Variant B2 (--gpus-per-task=1, --gpu-bind=single:1, srun)
GPUs are mapped correctly (now each process sees only one GPU because of --gpu-bind=single:1
):
Rank 0: rank on node is 0, using GPU id 0 of 1, CUDA_VISIBLE_DEVICES=0
Rank 1: rank on node is 1, using GPU id 0 of 1, CUDA_VISIBLE_DEVICES=1
Rank 2: rank on node is 0, using GPU id 0 of 1, CUDA_VISIBLE_DEVICES=0
Rank 3: rank on node is 1, using GPU id 0 of 1, CUDA_VISIBLE_DEVICES=1
However, an MPI error appears when the ranks start to communicate (similar message is repeated once for each rank):
--------------------------------------------------------------------------
The call to cuIpcOpenMemHandle failed. This is an unrecoverable error
and will cause the program to abort.
Hostname: gp11
cuIpcOpenMemHandle return value: 217
address: 0x7f40ee000000
Check the cuda.h file for what the return value means. A possible cause
for this is not enough free device memory. Try to reduce the device
memory footprint of your application.
--------------------------------------------------------------------------
Although it says "This is an unrecoverable error", the execution seems to proceed just fine, except the log is littered with messages like this (assuming one message per MPI communication call):
[gp11:122211] Failed to register remote memory, rc=-1
[gp11:122212] Failed to register remote memory, rc=-1
[gp12:62725] Failed to register remote memory, rc=-1
[gp12:62724] Failed to register remote memory, rc=-1
Clearly this is an OpenMPI error message. I found an old thread about this error, which suggested to use --mca btl_smcuda_use_cuda_ipc 0
to disable CUDA IPC. However, since srun
was used in this case to launch the program, I have no idea how to pass such parameters to OpenMPI.
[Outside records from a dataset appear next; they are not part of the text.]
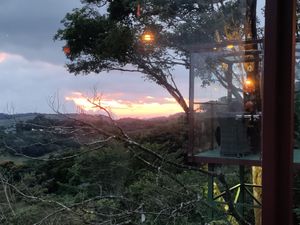 Sunset view at San Lucas Treetop Dining Experience in Monteverde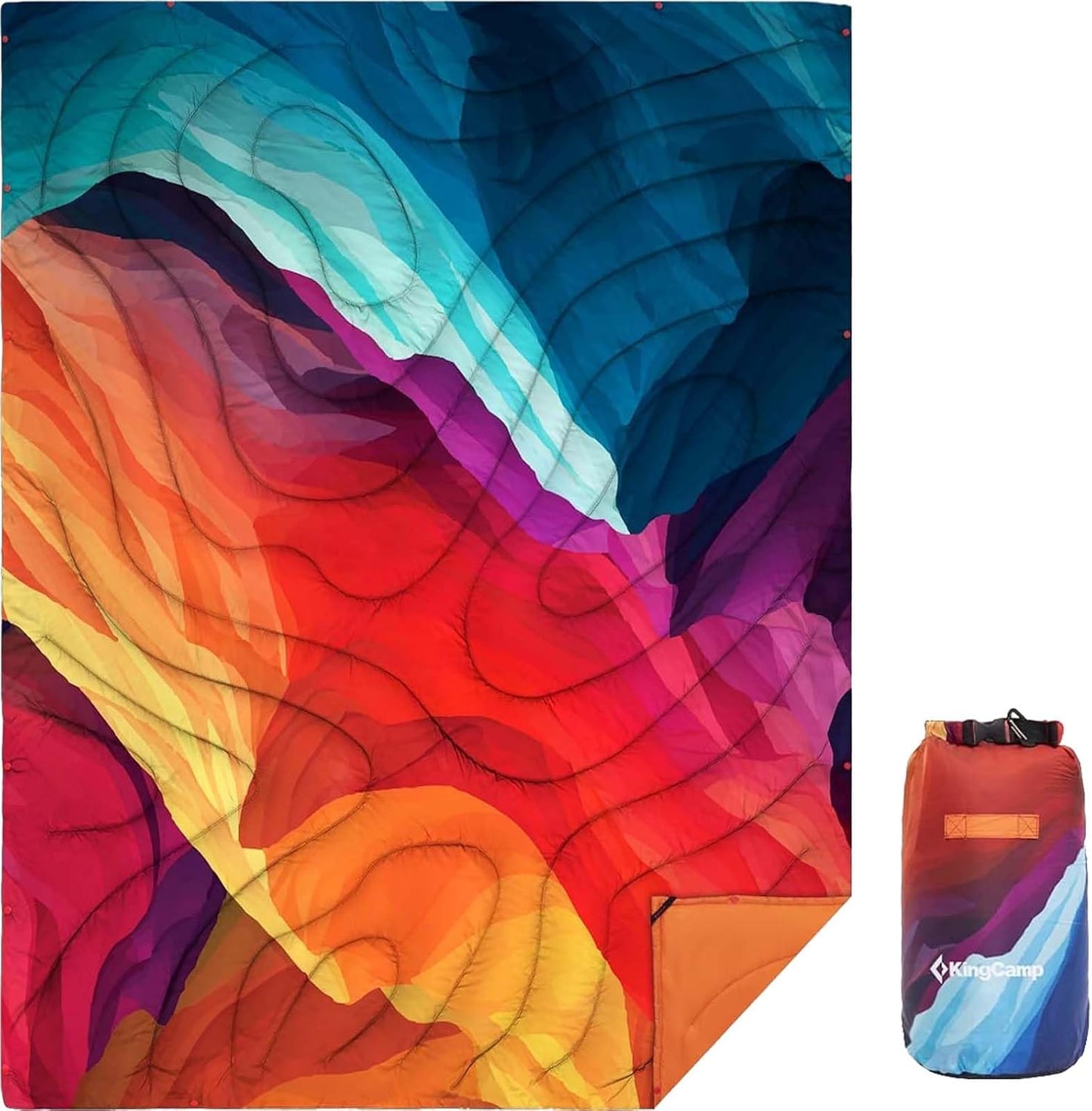 KingCamp Ultralight Camping Blanket, Packable Down Alternative Puffy Printed Wearable Blanket with Snap Buttons & Corner Loops Weatherproof Quilt for Outdoor Travel Stadium (79"L x 57”W, CYAN)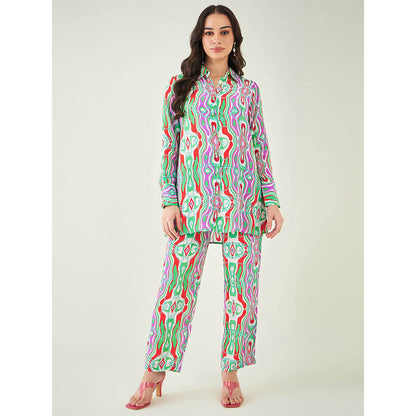 First Resort by Ramola Bachchan Green and Orange Marine Wave Print Shirt and Pant (Set of 2)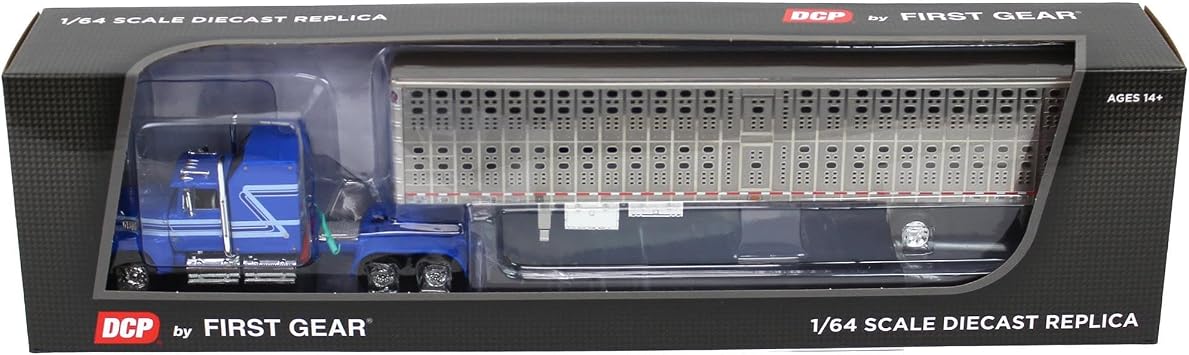 DCP First Gear 1/64 Blue Ford LTL 9000 60in Aerodyne Sleeper & Wilson Livestock Trailer 60-1769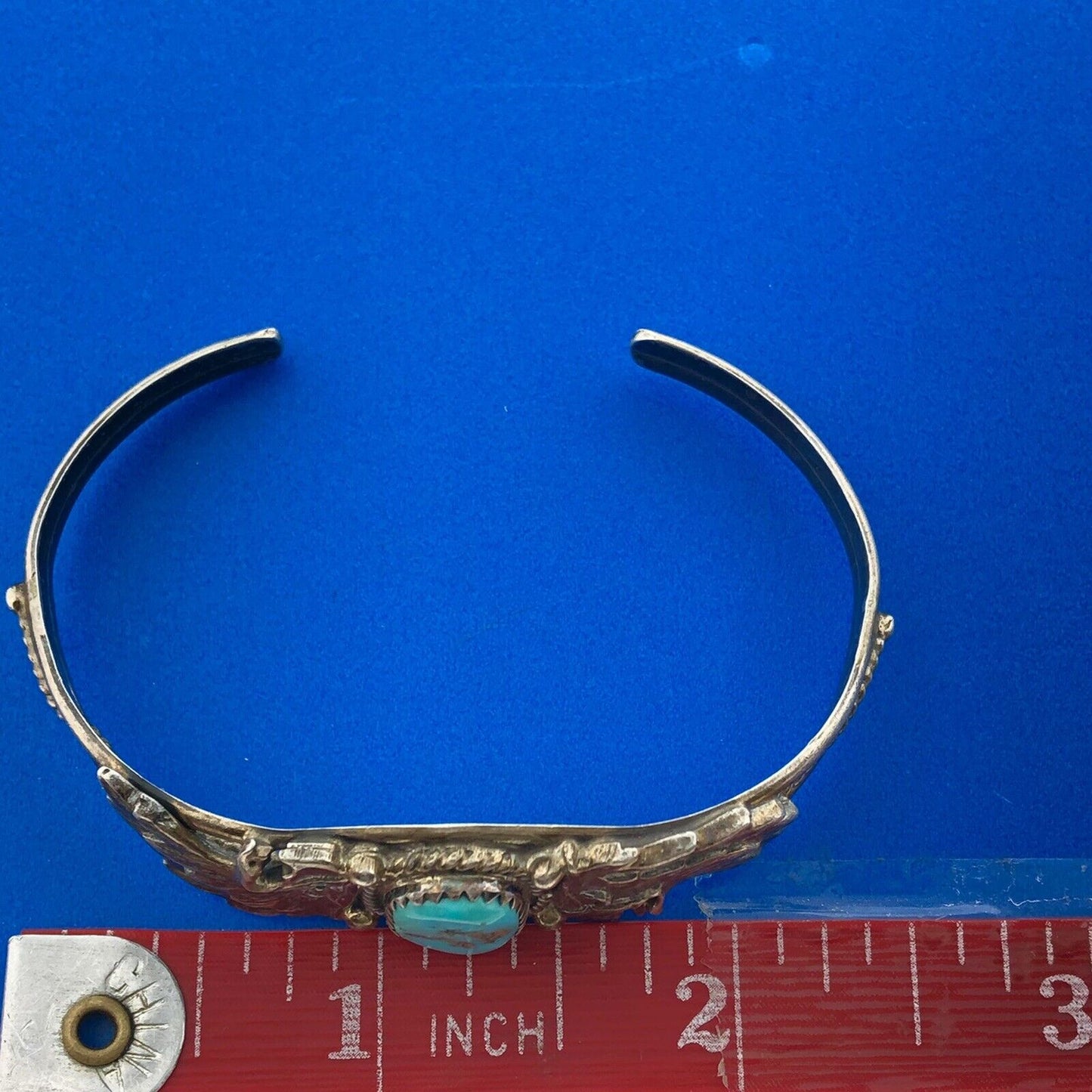 Stunning Sterling Silver Cabochon Turquoise Native American Eagle Cuff Bracelet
Note that in this variant --gpu-bind=single:1
affects only the visible GPUs (CUDA_VISIBLE_DEVICES
). But even without this option, each task is still able to select the right GPU and the errors still appear.
Any idea what is going on and how to address the errors in variants B1 and B2? Ideally we would like to use --gpus-per-task
which is more flexible than --gres=gpu:...
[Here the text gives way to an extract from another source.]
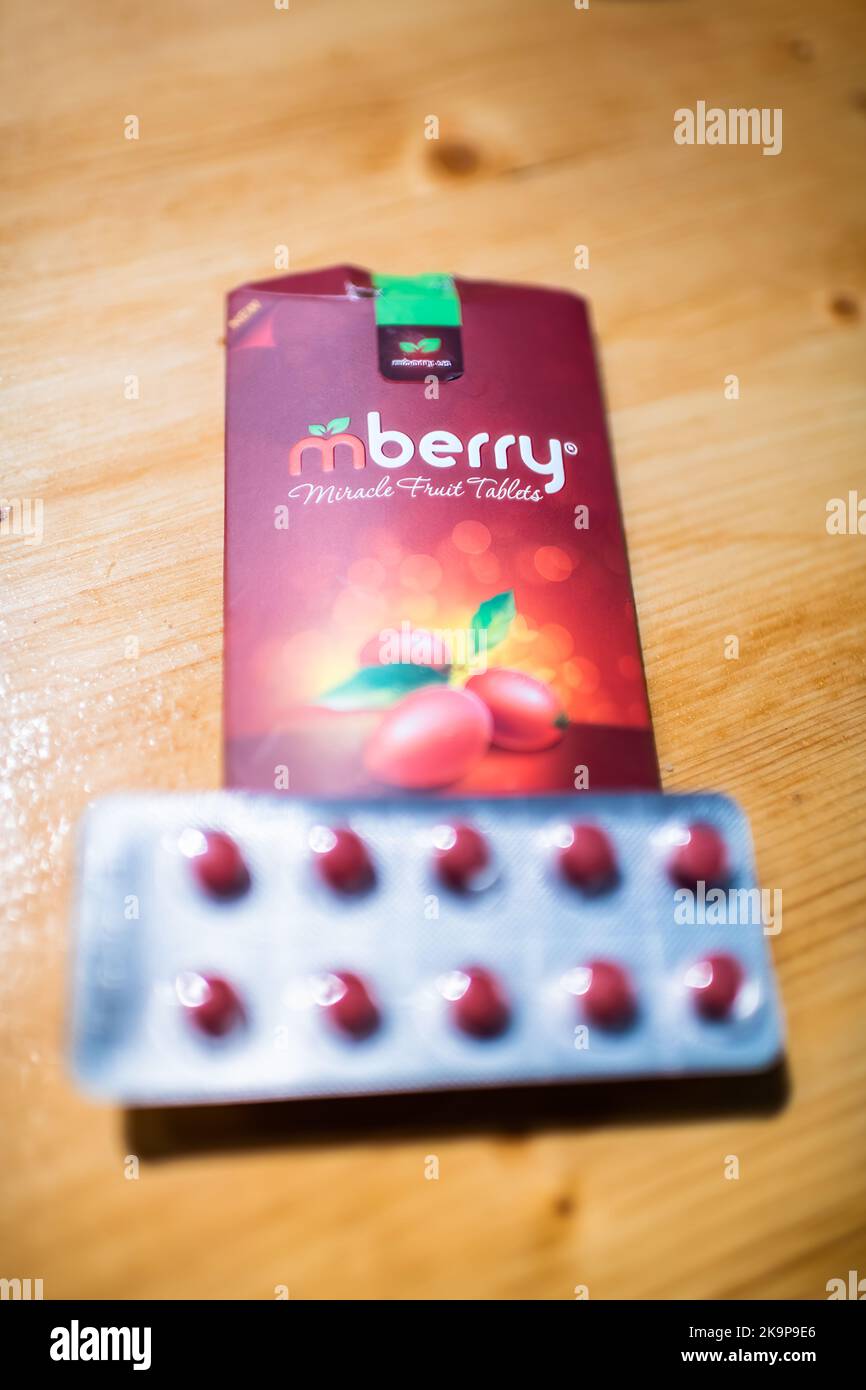 Durango, USA - September 2, 2019: Closeup of mberry miracle berry ledidi Synsepalum dulcificum berry brand tablet that turns sour food to sweet Stock Photo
(it's one less parameter to change when we change --ntasks-per-node
). Using mpirun
vs srun
does not matter to us.
We have Slurm 20.11.5.1, OpenMPI 4.0.5 (built with --with-cuda
and --with-slurm
) and CUDA 11.2.2. The operating system is Arch Linux. The network is 10G Ethernet (no InfiniBand or OmniPath). Let me know if I should include more info.